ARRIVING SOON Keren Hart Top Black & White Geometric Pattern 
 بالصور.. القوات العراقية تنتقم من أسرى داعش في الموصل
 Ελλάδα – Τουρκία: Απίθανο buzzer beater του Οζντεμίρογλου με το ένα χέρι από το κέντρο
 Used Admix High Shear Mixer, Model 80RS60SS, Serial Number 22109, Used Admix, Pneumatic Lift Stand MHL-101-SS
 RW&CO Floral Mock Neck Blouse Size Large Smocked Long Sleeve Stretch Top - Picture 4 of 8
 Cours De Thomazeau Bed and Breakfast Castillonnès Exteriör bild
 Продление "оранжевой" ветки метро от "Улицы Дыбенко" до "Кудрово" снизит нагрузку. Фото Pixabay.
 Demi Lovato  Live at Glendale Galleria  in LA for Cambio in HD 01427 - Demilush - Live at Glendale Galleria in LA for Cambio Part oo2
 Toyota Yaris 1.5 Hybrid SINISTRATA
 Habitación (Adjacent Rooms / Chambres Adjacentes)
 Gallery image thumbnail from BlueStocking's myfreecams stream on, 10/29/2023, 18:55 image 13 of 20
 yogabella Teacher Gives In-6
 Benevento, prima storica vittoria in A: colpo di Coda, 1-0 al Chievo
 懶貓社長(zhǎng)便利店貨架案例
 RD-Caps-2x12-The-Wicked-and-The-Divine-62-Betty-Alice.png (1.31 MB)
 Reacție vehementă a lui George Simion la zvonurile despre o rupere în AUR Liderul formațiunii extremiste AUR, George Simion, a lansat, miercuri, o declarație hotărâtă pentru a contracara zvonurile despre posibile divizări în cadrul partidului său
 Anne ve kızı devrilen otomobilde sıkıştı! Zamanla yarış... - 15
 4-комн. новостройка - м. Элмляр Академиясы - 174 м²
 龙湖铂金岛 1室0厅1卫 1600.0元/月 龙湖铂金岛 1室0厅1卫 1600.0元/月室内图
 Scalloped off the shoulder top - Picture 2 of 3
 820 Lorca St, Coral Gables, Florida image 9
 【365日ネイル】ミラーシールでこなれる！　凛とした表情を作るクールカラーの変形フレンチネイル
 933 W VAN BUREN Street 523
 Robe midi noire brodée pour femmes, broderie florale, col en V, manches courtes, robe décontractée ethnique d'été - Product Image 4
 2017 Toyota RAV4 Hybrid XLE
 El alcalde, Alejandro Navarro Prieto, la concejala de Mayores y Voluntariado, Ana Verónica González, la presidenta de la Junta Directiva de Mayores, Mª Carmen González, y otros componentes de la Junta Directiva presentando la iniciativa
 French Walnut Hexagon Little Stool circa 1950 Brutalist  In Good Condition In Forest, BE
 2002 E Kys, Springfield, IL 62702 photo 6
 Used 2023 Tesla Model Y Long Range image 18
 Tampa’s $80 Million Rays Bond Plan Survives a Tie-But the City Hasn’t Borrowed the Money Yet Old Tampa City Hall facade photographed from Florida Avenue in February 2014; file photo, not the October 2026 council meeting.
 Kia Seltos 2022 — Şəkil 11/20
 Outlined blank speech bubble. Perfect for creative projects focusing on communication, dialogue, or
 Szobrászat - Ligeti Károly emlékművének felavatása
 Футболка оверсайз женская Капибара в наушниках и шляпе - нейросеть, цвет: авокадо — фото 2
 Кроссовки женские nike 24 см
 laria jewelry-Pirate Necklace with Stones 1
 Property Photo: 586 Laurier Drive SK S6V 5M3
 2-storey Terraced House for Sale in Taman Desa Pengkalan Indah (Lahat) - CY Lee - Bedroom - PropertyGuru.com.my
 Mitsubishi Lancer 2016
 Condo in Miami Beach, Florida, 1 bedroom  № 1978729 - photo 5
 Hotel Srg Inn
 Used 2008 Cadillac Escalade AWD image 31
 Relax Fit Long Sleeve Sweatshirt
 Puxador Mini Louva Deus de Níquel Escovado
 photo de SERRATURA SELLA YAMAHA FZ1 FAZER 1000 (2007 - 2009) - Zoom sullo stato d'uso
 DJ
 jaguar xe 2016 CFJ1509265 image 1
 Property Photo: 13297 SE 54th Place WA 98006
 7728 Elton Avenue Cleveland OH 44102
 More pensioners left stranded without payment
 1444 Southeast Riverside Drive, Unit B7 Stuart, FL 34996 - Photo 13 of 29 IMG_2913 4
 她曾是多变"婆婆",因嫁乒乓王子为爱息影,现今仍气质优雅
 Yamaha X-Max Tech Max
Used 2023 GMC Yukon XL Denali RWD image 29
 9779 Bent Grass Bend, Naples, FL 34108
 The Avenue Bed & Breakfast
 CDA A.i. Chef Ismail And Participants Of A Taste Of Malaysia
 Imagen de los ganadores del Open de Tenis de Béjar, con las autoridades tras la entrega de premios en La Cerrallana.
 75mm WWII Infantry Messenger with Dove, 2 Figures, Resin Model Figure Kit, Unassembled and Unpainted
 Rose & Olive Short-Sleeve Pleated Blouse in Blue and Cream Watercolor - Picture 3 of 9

# # # # #

Task item
Using the data above, repeat every line exactly.

Solution for this problem
ARRIVING SOON Keren Hart Top Black & White Geometric Pattern 
 بالصور.. القوات العراقية تنتقم من أسرى داعش في الموصل
 Ελλάδα – Τουρκία: Απίθανο buzzer beater του Οζντεμίρογλου με το ένα χέρι από το κέντρο
 Used Admix High Shear Mixer, Model 80RS60SS, Serial Number 22109, Used Admix, Pneumatic Lift Stand MHL-101-SS
 RW&CO Floral Mock Neck Blouse Size Large Smocked Long Sleeve Stretch Top - Picture 4 of 8
 Cours De Thomazeau Bed and Breakfast Castillonnès Exteriör bild
 Продление "оранжевой" ветки метро от "Улицы Дыбенко" до "Кудрово" снизит нагрузку. Фото Pixabay.
 Demi Lovato  Live at Glendale Galleria  in LA for Cambio in HD 01427 - Demilush - Live at Glendale Galleria in LA for Cambio Part oo2
 Toyota Yaris 1.5 Hybrid SINISTRATA
 Habitación (Adjacent Rooms / Chambres Adjacentes)
 Gallery image thumbnail from BlueStocking's myfreecams stream on, 10/29/2023, 18:55 image 13 of 20
 yogabella Teacher Gives In-6
 Benevento, prima storica vittoria in A: colpo di Coda, 1-0 al Chievo
 懶貓社長(zhǎng)便利店貨架案例
 RD-Caps-2x12-The-Wicked-and-The-Divine-62-Betty-Alice.png (1.31 MB)
 Reacție vehementă a lui George Simion la zvonurile despre o rupere în AUR Liderul formațiunii extremiste AUR, George Simion, a lansat, miercuri, o declarație hotărâtă pentru a contracara zvonurile despre posibile divizări în cadrul partidului său
 Anne ve kızı devrilen otomobilde sıkıştı! Zamanla yarış... - 15
 4-комн. новостройка - м. Элмляр Академиясы - 174 м²
 龙湖铂金岛 1室0厅1卫 1600.0元/月 龙湖铂金岛 1室0厅1卫 1600.0元/月室内图
 Scalloped off the shoulder top - Picture 2 of 3
 820 Lorca St, Coral Gables, Florida image 9
 【365日ネイル】ミラーシールでこなれる！　凛とした表情を作るクールカラーの変形フレンチネイル
 933 W VAN BUREN Street 523
 Robe midi noire brodée pour femmes, broderie florale, col en V, manches courtes, robe décontractée ethnique d'été - Product Image 4
 2017 Toyota RAV4 Hybrid XLE
 El alcalde, Alejandro Navarro Prieto, la concejala de Mayores y Voluntariado, Ana Verónica González, la presidenta de la Junta Directiva de Mayores, Mª Carmen González, y otros componentes de la Junta Directiva presentando la iniciativa
 French Walnut Hexagon Little Stool circa 1950 Brutalist  In Good Condition In Forest, BE
 2002 E Kys, Springfield, IL 62702 photo 6
 Used 2023 Tesla Model Y Long Range image 18
 Tampa’s $80 Million Rays Bond Plan Survives a Tie-But the City Hasn’t Borrowed the Money Yet Old Tampa City Hall facade photographed from Florida Avenue in February 2014; file photo, not the October 2026 council meeting.
 Kia Seltos 2022 — Şəkil 11/20
 Outlined blank speech bubble. Perfect for creative projects focusing on communication, dialogue, or
 Szobrászat - Ligeti Károly emlékművének felavatása
 Футболка оверсайз женская Капибара в наушниках и шляпе - нейросеть, цвет: авокадо — фото 2
 Кроссовки женские nike 24 см
 laria jewelry-Pirate Necklace with Stones 1
 Property Photo: 586 Laurier Drive SK S6V 5M3
 2-storey Terraced House for Sale in Taman Desa Pengkalan Indah (Lahat) - CY Lee - Bedroom - PropertyGuru.com.my
 Mitsubishi Lancer 2016
 Condo in Miami Beach, Florida, 1 bedroom  № 1978729 - photo 5
 Hotel Srg Inn
 Used 2008 Cadillac Escalade AWD image 31
 Relax Fit Long Sleeve Sweatshirt
 Puxador Mini Louva Deus de Níquel Escovado
 photo de SERRATURA SELLA YAMAHA FZ1 FAZER 1000 (2007 - 2009) - Zoom sullo stato d'uso
 DJ
 jaguar xe 2016 CFJ1509265 image 1
 Property Photo: 13297 SE 54th Place WA 98006
 7728 Elton Avenue Cleveland OH 44102
 More pensioners left stranded without payment
 1444 Southeast Riverside Drive, Unit B7 Stuart, FL 34996 - Photo 13 of 29 IMG_2913 4
 她曾是多变"婆婆",因嫁乒乓王子为爱息影,现今仍气质优雅
 Yamaha X-Max Tech Max
Used 2023 GMC Yukon XL Denali RWD image 29
 9779 Bent Grass Bend, Naples, FL 34108
 The Avenue Bed & Breakfast
 CDA A.i. Chef Ismail And Participants Of A Taste Of Malaysia
 Imagen de los ganadores del Open de Tenis de Béjar, con las autoridades tras la entrega de premios en La Cerrallana.
 75mm WWII Infantry Messenger with Dove, 2 Figures, Resin Model Figure Kit, Unassembled and Unpainted
 Rose & Olive Short-Sleeve Pleated Blouse in Blue and Cream Watercolor - Picture 3 of 9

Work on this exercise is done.